Prof. Danny Gutwein, a social historian from the University of Haifa's Jewish history department, sees things differently.
"It's not that we're searching for ourselves; the frequent name changes reflect stages in the Israeli economy," he says. The currency's name is being changed due to power struggles and an attempt to shape awareness by changing symbols, he says.
"Why does the Bank of Israel suddenly want to change the currency's name? The central bank clearly feels that last summer's social protest changed the Israeli economy. Dropping the word 'new' indicates that the current state is stable and permanent, a counter-reaction to attempts to undermine it."
Dr. Friedrich Loewenberg, the hero of Theodor Herzl's 1902 book "Altneuland" (Old New Land), is a young, suicidal Jewish intellectual in early 20th-century Vienna. Like many young people of that period, Loewenberg is poor, depressed and tired of European decadence. A moment before he attempts suicide, he encounters a mysterious Prussian aristocrat named Kingscourt who magnanimously invites him to join him on a trip to a Pacific island.
On the way, the two pass through early 20th-century Palestine: an undeveloped, poor, nearly unpopulated country. After touring the country and finding nothing there, they continue to the island and spend 20 years there, totally isolated from the outside world. On their way back to Europe they pass though the Land of Israel again, and are amazed to discover that the Jews have resettled it and turned it into a social, economic and technological marvel.
In Israel their guide is David Litvak, a poor Jewish boy whom Loewenberg rescued from starvation in Vienna 20 years earlier, and who went on to become a pioneer in Israel. Litvak shows them the new Israel, a model egalitarian society.
One particular detail catches their attention: "What the hell is that?" Kingscourt asks Litvak. "That's our currency," Litvak smiles. "We have introduced our ancient currency, the shekel. It's worth about the same as a French franc."
Tyrian vs. Roman
In the beginning there was the shekel: a unit of measurement used for weighing metals in biblical-era Israel, and later for weighing food, before the invention of coins. Eventually that shekel became the name of a currency used in and around ancient Israel, made from silver or gold, and varying in size and weight depending on the region.
The Tyrian shekel, considered purer than the Roman shekel, was also used for the tax that all Jews paid annually during the Second Temple period in order to pay for sacrifices. It was dubbed "the half shekel." Although it was issued in Israel, it bore Roman images to make it clear that the Jews were not autonomous.
During the Bar Kochba Revolt, the rebels reminted Roman coins with the slogans and symbols of the revolt. One of them was the Bar Kochba shekel.
"The world's debt to the Jews," was the title of a November 10, 1902, speech by Dr. C. George Lorimer, the pastor of New York's Madison Avenue Baptist Church. While officially persecution of the Jews in enlightened countries had ended during the course of the 19th century, the illegal persecution that continued was no better, he said. Prestigious shops turned away Jews at every opportunity, but received Italians, whom Lorimer called less cultured and less suited to high society.

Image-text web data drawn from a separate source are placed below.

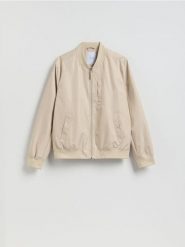 Kurtka bomberka ze stójką - beżowy. Brązowe kurtki męskie Reserved, l, bez wzorów, bez kaptura. Za 199.99 zł.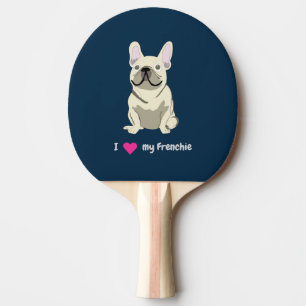 Raquette De Ping Pong Bouledogue Français Crème, J'aime mon Chien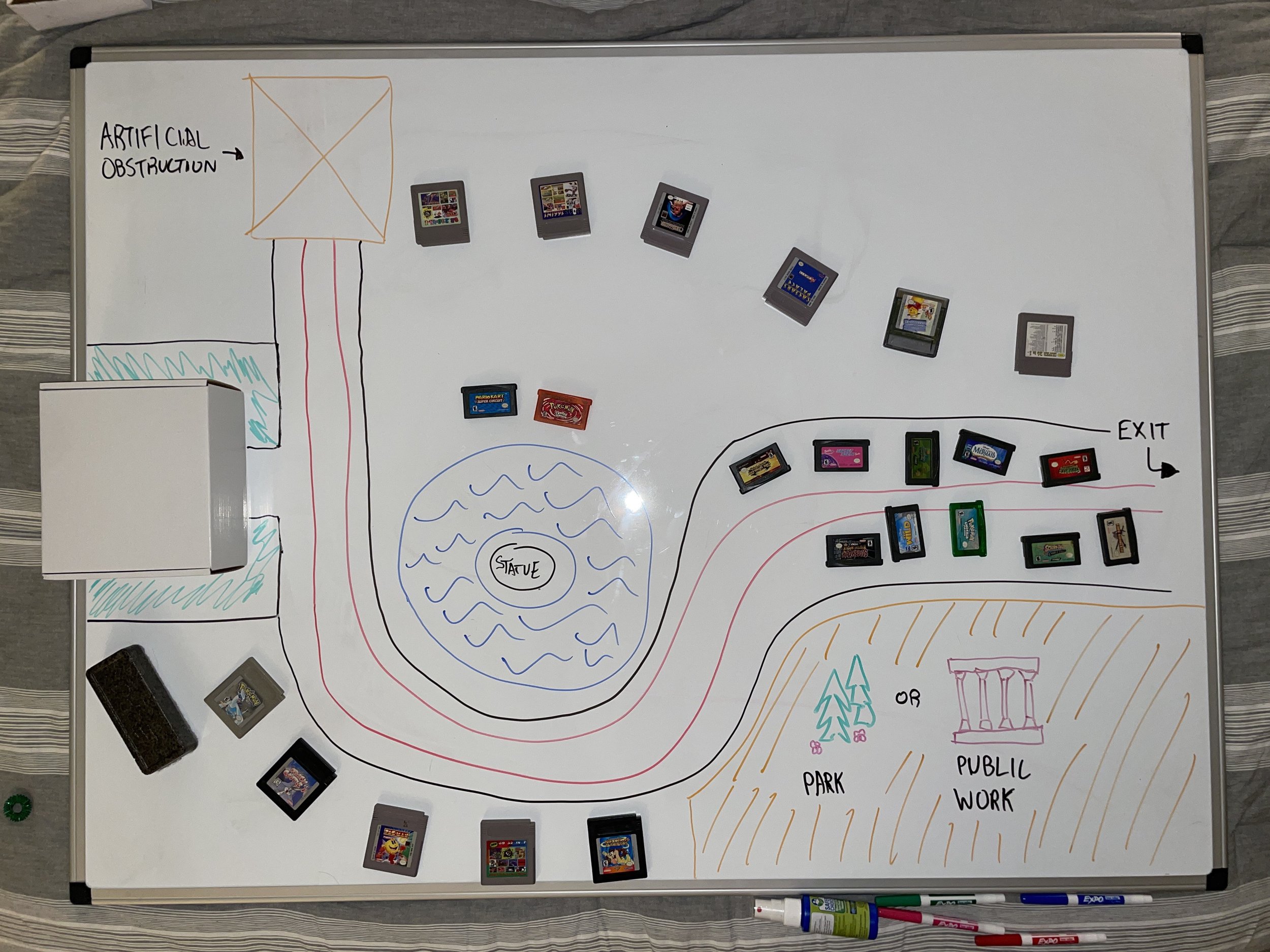 Marketplace Pt.1) General layout exploration using a white board and props.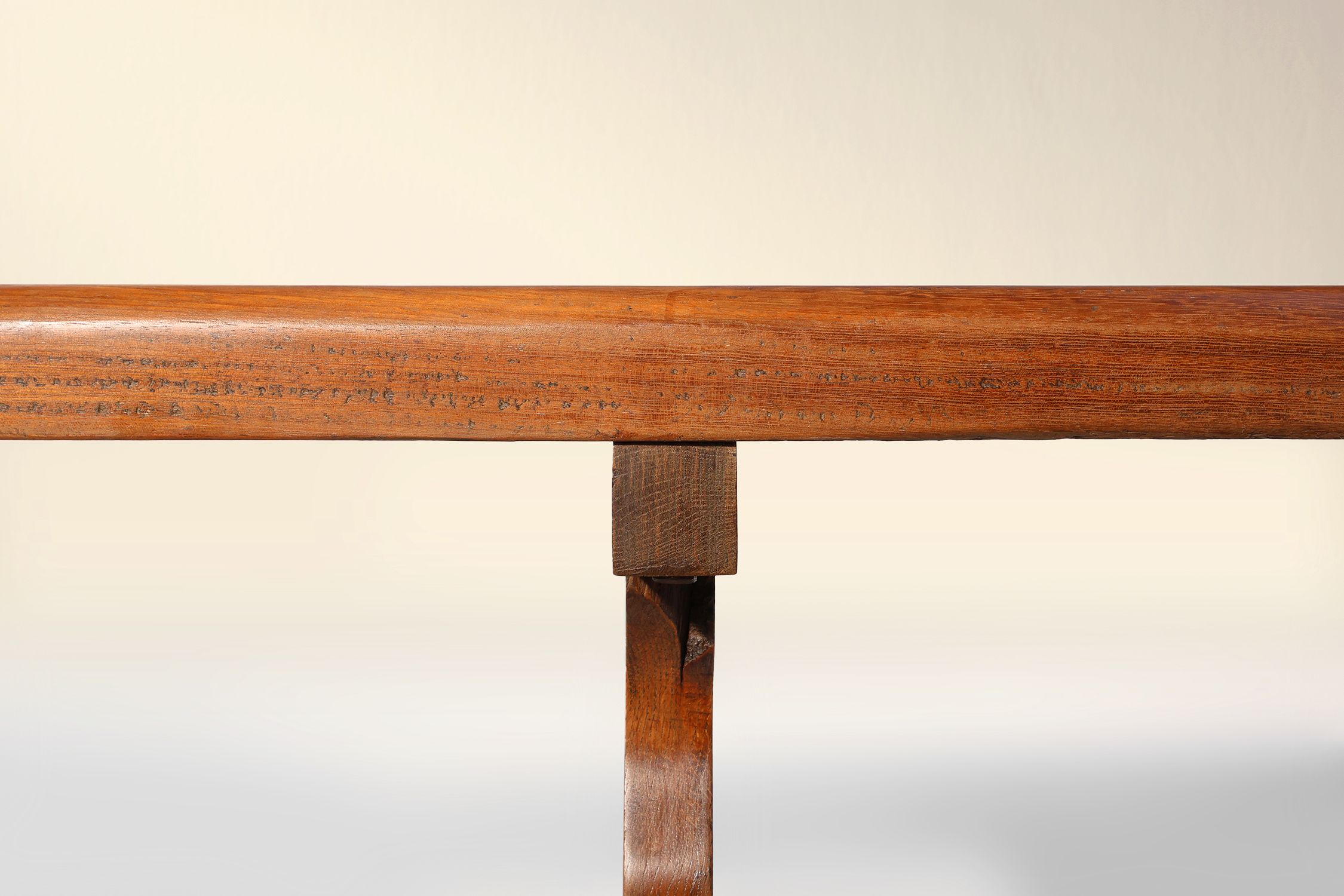 Extra long solid elm wooden monastery bench, France ca. 1850thumbnail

Lorimer, an admired preacher at the time, was speaking on the occasion of "Shekel Day," a Zionist Movement fund-raising campaign that raised $3,000 in New York and $4,000 in other cities. As part of the campaign, "shekels" were being sold for $0.25.

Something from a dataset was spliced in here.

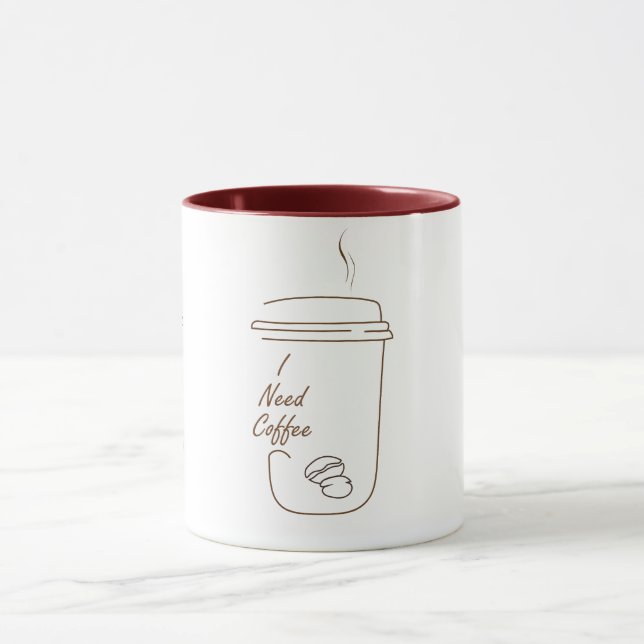 I Need Coffee Cute Doodle Mug Tasse (Zentrum)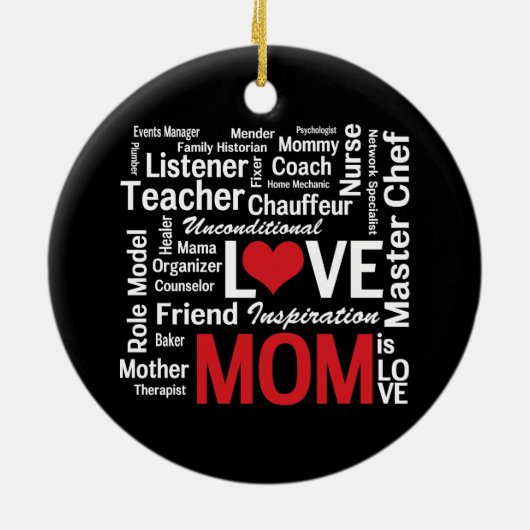 マルチタスクお母さん-母の日かお母さんの誕生日 セラミックオーナメント (裏面)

Coincidentally, that is roughly what the New Israel Shekel is worth today.
The shekel always has been one of the outstanding symbols of the Zionist movement. The number of shekels sold in each country determined the number of delegates it could send to the Zionist Congress. The buyers received a symbolic banknote bearing symbols of the movement and photos of the ancient Hebrew coin.
Still, when Israel was established, the shekel was tossed aside in favor of the lira, a remnant of the British Mandate.

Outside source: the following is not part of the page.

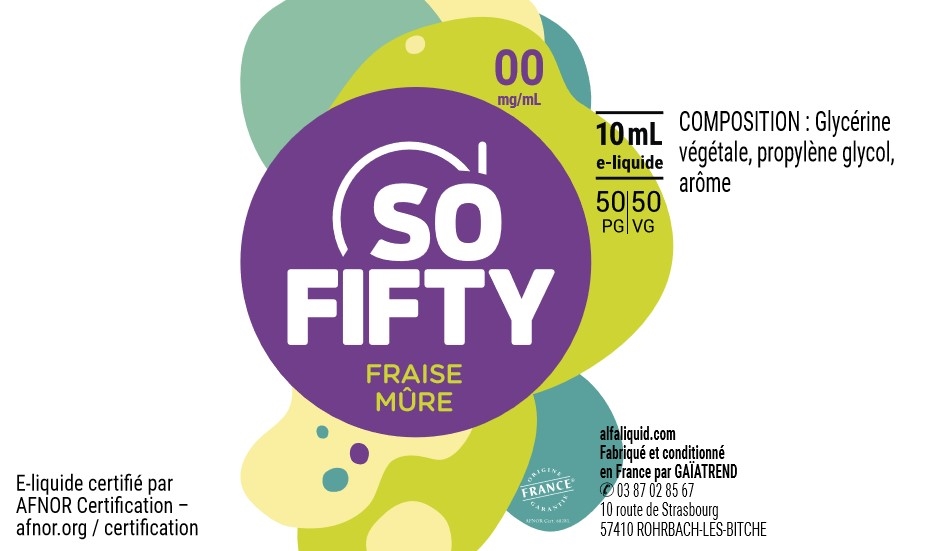 E-Liquide FRAISE MÛRE 10ml 50/50 - SOFIFTY | Alfaliquid étiquette 0 mg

The Palestine lira had been the local currency before statehood, and was equal in value to a British pound sterling. It was divided into 1,000 mils. When the mandate ended, Britain expelled Israel from the sterling bloc.
Instead of reintroducing the shekel, Israel decided to keep the name "lira." The Jewish Agency's Anglo-Palestine Bank - which became Bank Leumi in 1951 - was in charge of printing banknotes. After overcoming the legal problem of printing banknotes for a country that did not yet exist, bills were printed in denominations of a half lira, 1 lira, 5 liras, 10 liras and 50 liras.
"The decision to keep the lira after Israel was established was intended to create the impression of stability," says Gutwein. "That's how Israeli currency began. The British left and there was a desire to create a sense of continuity. Most of the British rules and regulations remained, and the Mandatory atmosphere persisted until the state gradually took its place."
In 1952, when Israel was deep in austerity, the Israeli lira replaced the Eretz-Israel lira. Instead of mils, it was composed of 1,000 prutot.
The Bank of Israel, which was established in 1954 and began administering the monetary system in place of Bank Leumi, distributed its first banknotes in 1955. They bore pictures of Israeli landscapes.
In addition, the Israeli lira was unlinked from the pound sterling, and depreciated sharply as a result. The lira depreciated further in the following years, rendering prutot worthless and driving the central bank to divide the lira into 100 agorot instead.
In the 1950s, immigration doubled Israel's population, and large investments were made in agriculture and construction and in such infrastructure projects as the National Water Carrier and the Ashdod Port. These developments, coupled with the depreciation of the lira, reparation payments from Germany and American assistance, drove annual economic growth to more than 10 percent. Inflation was low, employment was full and exports increased.
In the mid-1960s, Israel entered its second recession. Emigration skyrocketed, leading to the expression, "Would the last to leave please turn out the lights." The recession ended when immigration renewed and the Six-Day War sparked military development. By then, more people were asking why the Hebrew state had a currency bearing a foreign name, sparking the initiative to rename it.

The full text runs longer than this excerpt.